6

I'm planning to use an Elastic Search index to store an huge city database with ~2.9 milion records, and use it as search engine at my Laravel Application.

The question is: I both have the cities at MySQL database and at CSV File. The file have ~300MB.

How can I import it to a index fastest?

Elias Soares
  • 9,884
  • 4
  • 29
  • 59
  • Almost a duplicate, although [this one is about *re*-populating an index](http://stackoverflow.com/questions/21716002/importing-and-updating-data-in-elasticsearch). Similar question and similar scale of file size, though. – GolezTrol May 26 '15 at 22:53
  • @GolezTrol this question don't have a clear answer. I'm not able to extract a solution to my problem from it... :/ – Elias Soares May 26 '15 at 23:16
  • 1
    https://kevinkirsche.com/2014/08/25/using-logstash-to-import-csv-files-into-elasticsearch/ – Andrei Stefan May 27 '15 at 07:33

2 Answers2

11

I've solved this importing using Logstash.

My import script is this:

input {
      file {
          path => ["/home/user/location_cities.txt"]
          type => "city"
          start_position => "beginning"
      }
}

filter {
    csv {
        columns => ["region", "subregion", "ufi", "uni", "dsg", "cc_fips", "cc_iso", "full_name", "full_name_nd", "sort_name", "adm1", "adm1_full_name", "adm2", "adm2_full_name"]
        separator => "  "
        remove_field => [ "host", "message", "path" ]
    }
}

output {
    elasticsearch {
        action => "index"
        protocol => "http"
        host => "127.0.0.1"
        port => "9200"
        index => "location"
        workers => 4
    }
}

This script will import a tab separated file without delimiters into an index called location with type city.
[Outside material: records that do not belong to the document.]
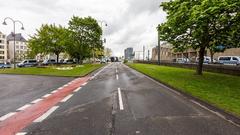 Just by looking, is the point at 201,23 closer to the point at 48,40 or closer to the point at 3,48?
the point at 48,40

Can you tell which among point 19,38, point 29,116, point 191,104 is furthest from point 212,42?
point 19,38

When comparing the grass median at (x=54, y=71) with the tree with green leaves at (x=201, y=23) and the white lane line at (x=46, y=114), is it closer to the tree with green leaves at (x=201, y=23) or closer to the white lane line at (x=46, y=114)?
the tree with green leaves at (x=201, y=23)

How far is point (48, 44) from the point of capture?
5056cm

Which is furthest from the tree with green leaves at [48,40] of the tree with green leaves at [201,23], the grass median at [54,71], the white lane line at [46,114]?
the white lane line at [46,114]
To run the script, need to run bin/logstash -f import_script_file at the folder that you installed/extracted the Logstash.

Elias Soares
  • 9,884
  • 4
  • 29
  • 59
0

For efficiency, you need to use the bulk API and experiment with the block size for your data.

link to elasticsearch's documentation on bulk document indexing (importing)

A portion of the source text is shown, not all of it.